### Exercise instructions
The listing below holds a line with "Posavasos De Piedra" and a line with "Gouter De Noel". Reproduce those two lines exactly, plus everything between them.

### Provided material
-----

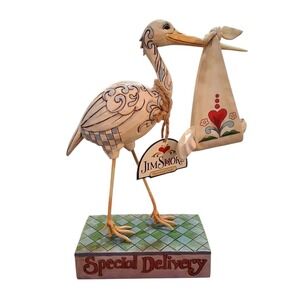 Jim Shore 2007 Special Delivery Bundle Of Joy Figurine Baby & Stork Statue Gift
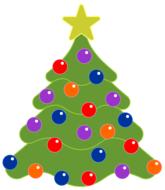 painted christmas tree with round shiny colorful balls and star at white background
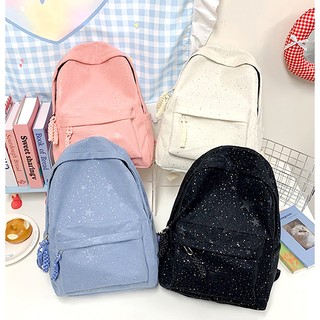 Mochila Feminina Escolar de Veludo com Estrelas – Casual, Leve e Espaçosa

-----

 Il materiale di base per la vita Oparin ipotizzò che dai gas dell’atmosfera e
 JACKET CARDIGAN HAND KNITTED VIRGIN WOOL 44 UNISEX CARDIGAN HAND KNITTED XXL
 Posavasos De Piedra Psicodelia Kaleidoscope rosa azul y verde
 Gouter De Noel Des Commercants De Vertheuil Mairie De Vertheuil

-----

### Exercise answer
 Posavasos De Piedra Psicodelia Kaleidoscope rosa azul y verde
 Gouter De Noel Des Commercants De Vertheuil Mairie De Vertheuil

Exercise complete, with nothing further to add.